Theory's cheap. Here's the shape of what we'd actually do in your first 90 days, in the order we'd do it.
Days 1–14: Measure where you are. Pull twelve months of sales data. Calculate repeat purchase rate, churn rate, and average time between purchases per customer. Segment by acquisition channel and by year of first purchase. Don't make changes yet. Just establish the baseline. If your CRM can't produce these numbers without manual work in a spreadsheet, that's your first finding.
Days 15–30: Audit the post-sale process. List every touchpoint a customer has with your company after the first sale. For each one, identify who owns it, what's supposed to happen, and whether it actually does. Most companies discover at this stage that several "owned" touchpoints have no real owner — they're nominally assigned but no one is held accountable when they don't happen.
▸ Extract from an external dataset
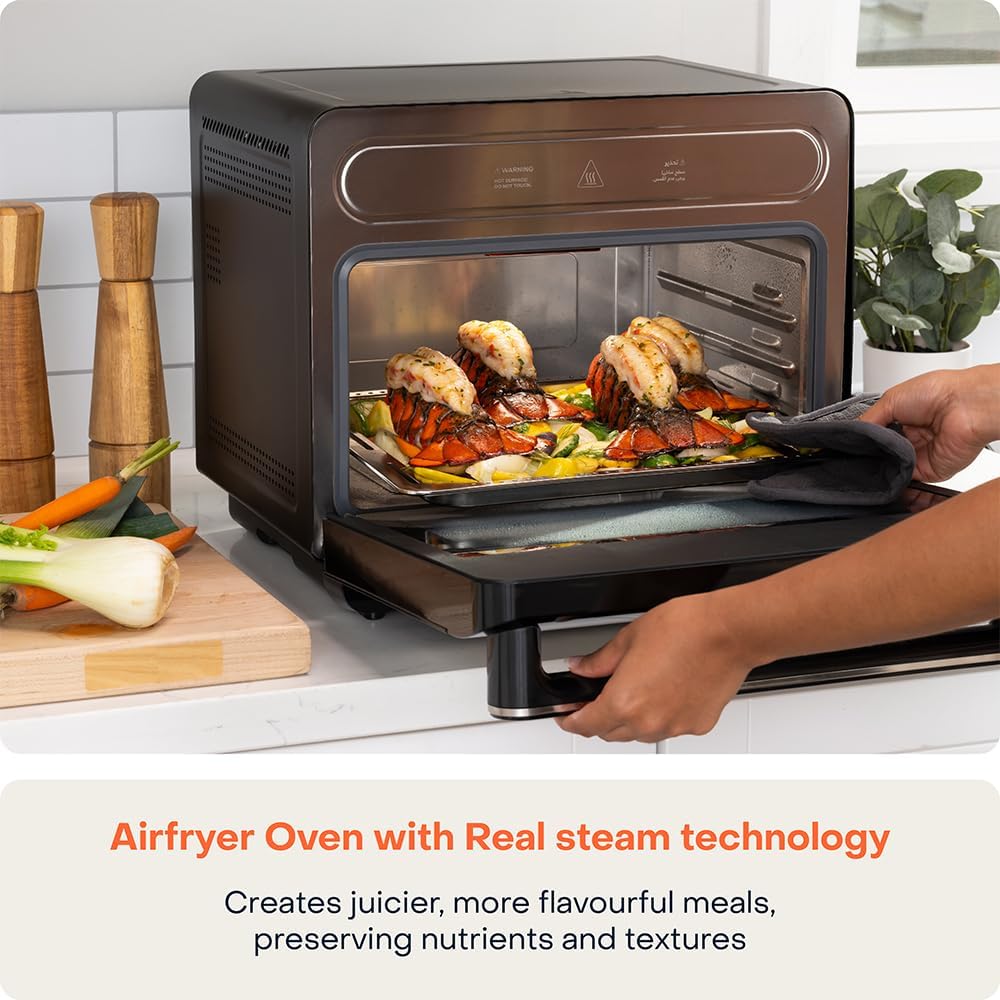 Nutricook - 24L - Streami Oven + Air Fryer - 11 In 1 - NC-ST01K - Steam Infusion - Black - 2 Years Warranty
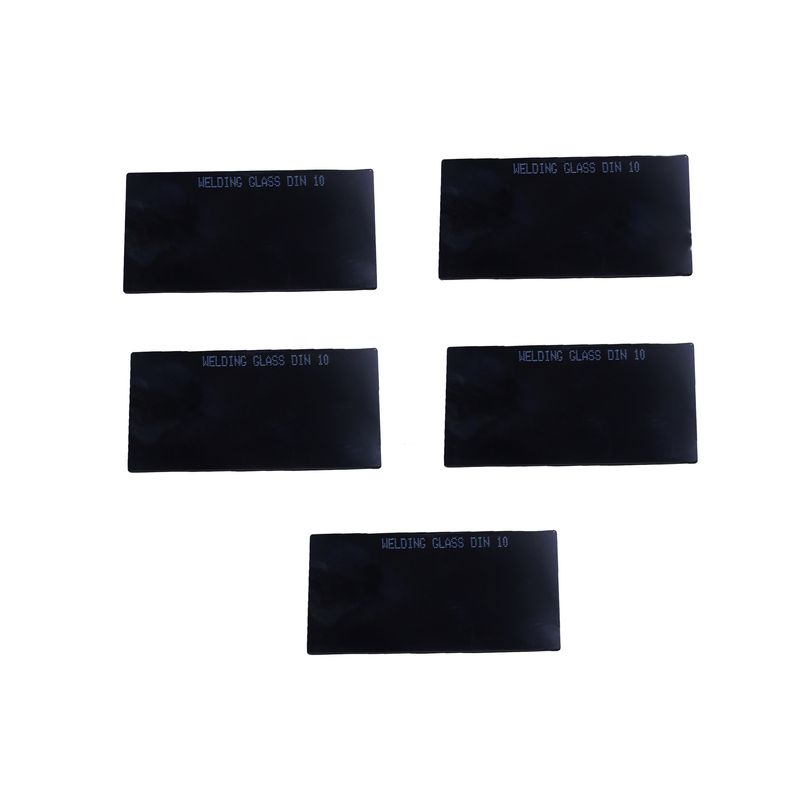 شیشه ماسک جوشکاری مدل yp din10 100*50mm مجموعه 5 عددی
Days 31–45: Fix the CRM gaps. Add the fields you need for loyalty work that aren't there yet: last contact date, customer-stated preferences, anniversary date, named referrer, complaint history, at-risk tag. Set up automatic tasks for 30-day, 90-day, and annual check-ins. Build the dashboard that shows repeat rate and silent-churn risk alongside new pipeline. If your current CRM can't support this without major workarounds, this is the moment to seriously evaluate
moving to a CRM that's designed for the way you actually work.
Days 46–60: Introduce quality control for post-sale touchpoints. The same review discipline you (hopefully) apply to new-business calls needs to extend to retention conversations.
Sales department quality control is the mechanism that keeps managers from quietly downgrading their service to existing clients once the deal is closed. Start with five calls per manager per week, scored against a simple rubric, reviewed in the weekly team meeting.
Days 61–75: Launch one proactive contact program. Pick one: a 30-day post-purchase check-in call, a quarterly newsletter that's actually useful (not promotional), or a quarterly business review for your top accounts. One, done well, beats five done badly. If you're going the newsletter route, our take on
why subscription-based messaging matters for small and medium businesses explains the mechanics.
Days 76–90: Measure again. Pull the same metrics from day 1. You shouldn't expect big swings in 90 days — loyalty is a 6-to-18-month story. But you should see early signals: more logged post-sale contacts, fewer "silent" customers, slightly shorter time between purchases for the cohort you're working with most actively.
After 90 days, the work compounds. Year-on-year improvements in retention add directly to the bottom line, with no acquisition cost attached. A 5% lift in retention can lift profits substantially — the often-cited Bain & Company figure is 25% to 95%, depending on industry — and our project data is broadly consistent with that range.